What is expected: Filter the listing below, keeping every line that holds "setting".

Given entries:

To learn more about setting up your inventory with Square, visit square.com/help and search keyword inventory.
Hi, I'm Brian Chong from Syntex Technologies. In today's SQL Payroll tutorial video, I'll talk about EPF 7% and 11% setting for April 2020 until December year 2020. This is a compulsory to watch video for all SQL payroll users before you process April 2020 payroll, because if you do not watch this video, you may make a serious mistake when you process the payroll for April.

* * *

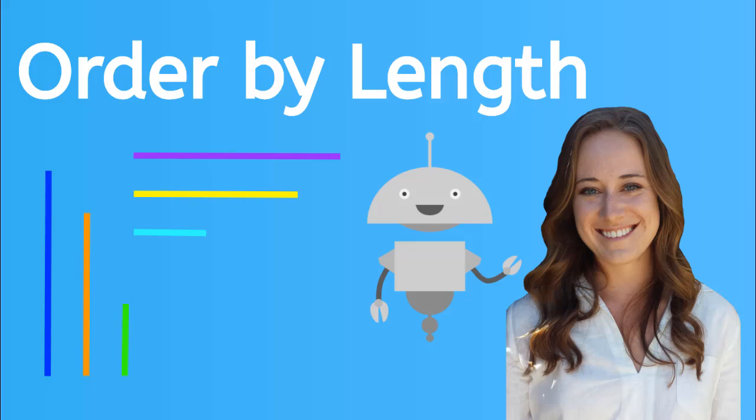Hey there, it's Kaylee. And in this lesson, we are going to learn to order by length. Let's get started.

Completed task:
To learn more about setting up your inventory with Square, visit square.com/help and search keyword inventory.
Hi, I'm Brian Chong from Syntex Technologies. In today's SQL Payroll tutorial video, I'll talk about EPF 7% and 11% setting for April 2020 until December year 2020. This is a compulsory to watch video for all SQL payroll users before you process April 2020 payroll, because if you do not watch this video, you may make a serious mistake when you process the payroll for April.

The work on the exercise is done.